Brendan Fraser, who plays Charlie in “The Whale,” has a theory about the film’s ending that might surprise you. He described the ending to Entertainment Weekly and, in doing so, revealed that he does not think his character perishes in the final moments of the film:
“(I)t’s a Herculean effort that he makes to even get to his feet. For him to finally break through to (Ellie), humble himself before her, and let her know that he made a mistake and is sorry for it. While his life has not physically ended in that moment, I think that he knows he doesn’t need to live any longer, which is why he takes off his breather, he’s got her reading the essay, and he does take to his feet like three Olympic dead-lifters, takes his baby steps to his baby, and in that beautiful two-shot, a great white light appears, and they look skyward. Depending on your belief system, spiritually or otherwise, we see that Charlie — with a touch of magic realism — finally does fly.”
The white light and skyward look, along with the state of Charlie’s health, definitely suggest that this is the moment his life “physically” ends, despite Fraser’s interpretation.
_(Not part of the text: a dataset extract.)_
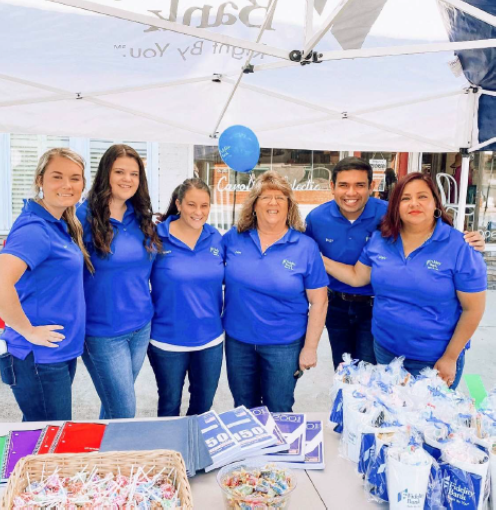 Associates in front of event table with goody bags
However, Charlie’s march toward his daughter could be interpreted as a purely symbolic moment in itself.
“I think it’s an apotheosis — you can take it how you want it,” added playwright Samuel D. Hunter, who also adapted the work for the screen. “In the play, the way I wrote it is that you hear a sound of waves and they slowly intensify through that scene, so, there’s a way to read it both ways. It wants to be miraculous, either literally or figuratively, and I think you can watch it either way.”